"Virtual hosts" for ssh
nkadel at gmail.com
Sun Jun 9 00:58:06 EST 2013
On Fri, Jun 7, 2013 at 8:02 PM, Johannes Ernst <johannes.ernst at gmail.com> wrote:
> It'd be very cool if ssh supported something like Apache "virtual hosts". This would make it much more viable to host multiple installs of git on the same server, for example.
You've stepped into one of my fun areas, mixing technologies to attain
a desired result, especially SSH and source control.

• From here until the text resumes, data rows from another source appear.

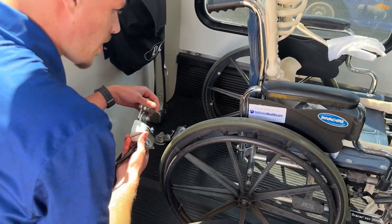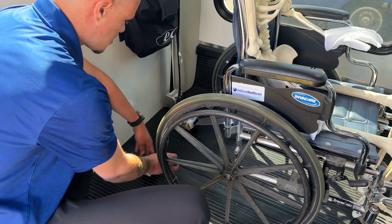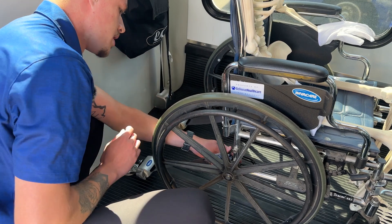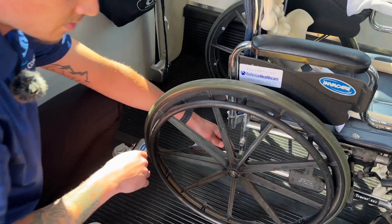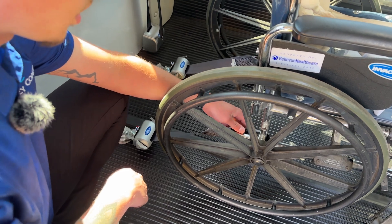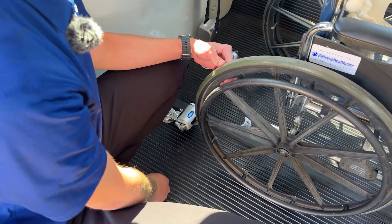We'll do the same thing for the right side rear. Go ahead and secure our slide and click, then press the red lever and attach hooking from the inside again on that 90-degree welded member of the wheelchair. We'll snug that up and we're good for the rear.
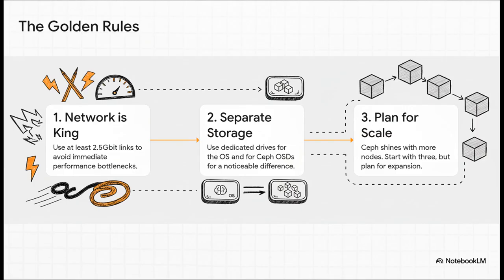Rule one: your network is king. A one-gigabit link will just cripple your performance — think of 2.5 gig as your absolute starting line. Two: don't mix your operating system and your Ceph storage on the same drive. That separation makes a real, noticeable difference. And three: while you can start with three nodes, Ceph's real power — its magic — is unlocked as you add more.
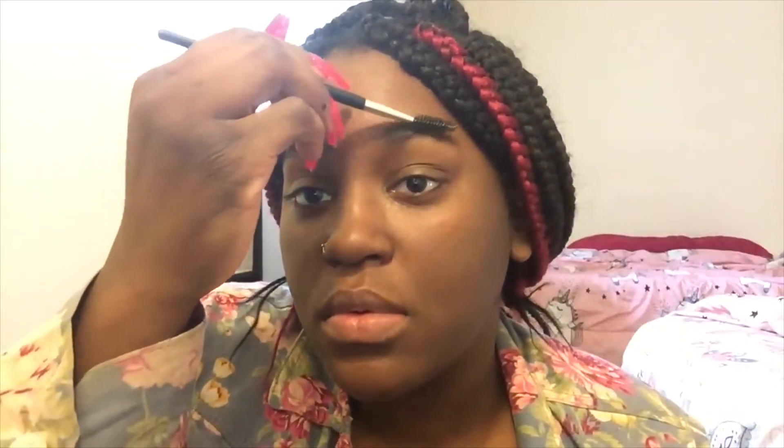With my spoolie, I'm going to take off all the excess makeup on my eyebrows. Now with concealer, I'm going to put it above and below my eyebrow. Don't mind if you get it on your eyelid because we're going to be using the same concealer to work with the eyeshadow. With my beauty blender, I'm going to blend it in — make sure you blend it in real good.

As long as you can gracefully use a different IP address for each
environment, it's workable. If you do it hostname based, you can get
in deep confusion with all the different valid versions of the same
hostname, such as WWW.eXaMplE.CoM versus www.example.com versus www
(with a local domain set of example.com), and trying to match them
all. That's an old problem with "VirtualHosts" from web servers, as
Alternatively, don't use the "same user" for different projects on the
same server. Use a different git shared username for each project
environment. Since your git environments are normally defined by the
home directory of the actual shared git username, this may be much
faster and easier to set up and require no root managed manipulation
of your sshd_config.
Nico Kadel-Garcia <nkadel at gmail.com>
> More details:
> On the remote server, ssh already sets some environment variables:
>> printenv | grep SSH
> SSH_CLIENT=192.168.1.18 50945 22
> SSH_CONNECTION=192.168.1.18 50945 192.168.1.1 22
> What about adding another, say
> Assuming that /etc/hosts
> 192.168.1.1 host1 host2
> ssh user at host1
> ssh user at host2
> would lead to a shell on the same host with the same user, but SSH_SERVER_HOST would be different, and that would allow the creation of a script that, for example, could find the correct git repository given the virtual hostname. This is currently not possible because the script only has IP addresses.
> Presumably that would not be too hard to do?